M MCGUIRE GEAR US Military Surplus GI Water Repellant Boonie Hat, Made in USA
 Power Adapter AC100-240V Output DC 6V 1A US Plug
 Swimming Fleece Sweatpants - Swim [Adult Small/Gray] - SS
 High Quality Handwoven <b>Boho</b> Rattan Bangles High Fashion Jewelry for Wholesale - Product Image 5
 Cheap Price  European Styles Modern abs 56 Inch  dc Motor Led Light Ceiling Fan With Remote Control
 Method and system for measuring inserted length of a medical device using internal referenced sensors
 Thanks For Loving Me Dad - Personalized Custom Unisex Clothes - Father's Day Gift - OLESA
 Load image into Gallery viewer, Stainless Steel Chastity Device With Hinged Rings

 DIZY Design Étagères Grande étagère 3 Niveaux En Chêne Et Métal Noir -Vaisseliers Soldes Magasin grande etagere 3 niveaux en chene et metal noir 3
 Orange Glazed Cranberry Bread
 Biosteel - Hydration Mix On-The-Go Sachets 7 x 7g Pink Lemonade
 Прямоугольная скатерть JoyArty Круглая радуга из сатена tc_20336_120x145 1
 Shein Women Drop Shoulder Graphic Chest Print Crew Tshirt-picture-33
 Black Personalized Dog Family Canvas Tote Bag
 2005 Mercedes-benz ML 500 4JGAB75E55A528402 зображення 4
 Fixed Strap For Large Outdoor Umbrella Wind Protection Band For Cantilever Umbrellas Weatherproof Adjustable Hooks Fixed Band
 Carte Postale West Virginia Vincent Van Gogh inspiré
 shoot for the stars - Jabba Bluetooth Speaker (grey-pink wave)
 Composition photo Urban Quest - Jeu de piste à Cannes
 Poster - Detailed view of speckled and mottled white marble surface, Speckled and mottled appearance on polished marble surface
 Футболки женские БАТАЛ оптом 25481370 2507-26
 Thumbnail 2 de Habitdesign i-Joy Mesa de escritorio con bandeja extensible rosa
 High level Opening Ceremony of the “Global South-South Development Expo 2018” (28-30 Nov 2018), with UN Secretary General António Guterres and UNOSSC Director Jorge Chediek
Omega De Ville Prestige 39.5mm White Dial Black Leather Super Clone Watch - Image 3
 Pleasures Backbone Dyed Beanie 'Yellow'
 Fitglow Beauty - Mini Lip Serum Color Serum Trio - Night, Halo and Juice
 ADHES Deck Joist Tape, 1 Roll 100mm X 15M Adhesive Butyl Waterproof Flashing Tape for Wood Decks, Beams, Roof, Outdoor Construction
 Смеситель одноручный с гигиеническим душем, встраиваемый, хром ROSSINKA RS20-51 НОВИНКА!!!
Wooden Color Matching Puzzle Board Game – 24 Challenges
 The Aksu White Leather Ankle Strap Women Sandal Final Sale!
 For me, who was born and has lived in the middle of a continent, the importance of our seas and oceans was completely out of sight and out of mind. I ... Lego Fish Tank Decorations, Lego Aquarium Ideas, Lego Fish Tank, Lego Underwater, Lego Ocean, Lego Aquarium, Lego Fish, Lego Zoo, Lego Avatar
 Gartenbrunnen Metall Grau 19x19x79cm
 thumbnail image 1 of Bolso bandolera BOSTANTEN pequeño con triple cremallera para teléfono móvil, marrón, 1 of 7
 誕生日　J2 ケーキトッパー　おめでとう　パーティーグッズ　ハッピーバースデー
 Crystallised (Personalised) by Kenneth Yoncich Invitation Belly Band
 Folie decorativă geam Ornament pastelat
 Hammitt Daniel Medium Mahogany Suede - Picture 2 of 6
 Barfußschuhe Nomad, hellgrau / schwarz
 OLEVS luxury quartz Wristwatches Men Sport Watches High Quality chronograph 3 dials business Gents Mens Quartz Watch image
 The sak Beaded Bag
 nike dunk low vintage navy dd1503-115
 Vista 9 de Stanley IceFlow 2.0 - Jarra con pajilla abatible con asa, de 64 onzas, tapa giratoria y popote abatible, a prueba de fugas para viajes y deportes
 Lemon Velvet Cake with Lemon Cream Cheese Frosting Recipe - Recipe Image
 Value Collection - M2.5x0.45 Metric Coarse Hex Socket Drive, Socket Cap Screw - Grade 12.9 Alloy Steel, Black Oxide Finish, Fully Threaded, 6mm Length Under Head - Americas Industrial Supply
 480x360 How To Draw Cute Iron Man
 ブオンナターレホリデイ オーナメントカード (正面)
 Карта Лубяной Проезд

* TASK PROMPT *
In restating the data, begin at its first line, reproduce each line word for word, and conclude with the line that contains "Thumbnail 2 de".

* ANSWER SPACE *
M MCGUIRE GEAR US Military Surplus GI Water Repellant Boonie Hat, Made in USA
 Power Adapter AC100-240V Output DC 6V 1A US Plug
 Swimming Fleece Sweatpants - Swim [Adult Small/Gray] - SS
 High Quality Handwoven <b>Boho</b> Rattan Bangles High Fashion Jewelry for Wholesale - Product Image 5
 Cheap Price  European Styles Modern abs 56 Inch  dc Motor Led Light Ceiling Fan With Remote Control
 Method and system for measuring inserted length of a medical device using internal referenced sensors
 Thanks For Loving Me Dad - Personalized Custom Unisex Clothes - Father's Day Gift - OLESA
 Load image into Gallery viewer, Stainless Steel Chastity Device With Hinged Rings

 DIZY Design Étagères Grande étagère 3 Niveaux En Chêne Et Métal Noir -Vaisseliers Soldes Magasin grande etagere 3 niveaux en chene et metal noir 3
 Orange Glazed Cranberry Bread
 Biosteel - Hydration Mix On-The-Go Sachets 7 x 7g Pink Lemonade
 Прямоугольная скатерть JoyArty Круглая радуга из сатена tc_20336_120x145 1
 Shein Women Drop Shoulder Graphic Chest Print Crew Tshirt-picture-33
 Black Personalized Dog Family Canvas Tote Bag
 2005 Mercedes-benz ML 500 4JGAB75E55A528402 зображення 4
 Fixed Strap For Large Outdoor Umbrella Wind Protection Band For Cantilever Umbrellas Weatherproof Adjustable Hooks Fixed Band
 Carte Postale West Virginia Vincent Van Gogh inspiré
 shoot for the stars - Jabba Bluetooth Speaker (grey-pink wave)
 Composition photo Urban Quest - Jeu de piste à Cannes
 Poster - Detailed view of speckled and mottled white marble surface, Speckled and mottled appearance on polished marble surface
 Футболки женские БАТАЛ оптом 25481370 2507-26
 Thumbnail 2 de Habitdesign i-Joy Mesa de escritorio con bandeja extensible rosa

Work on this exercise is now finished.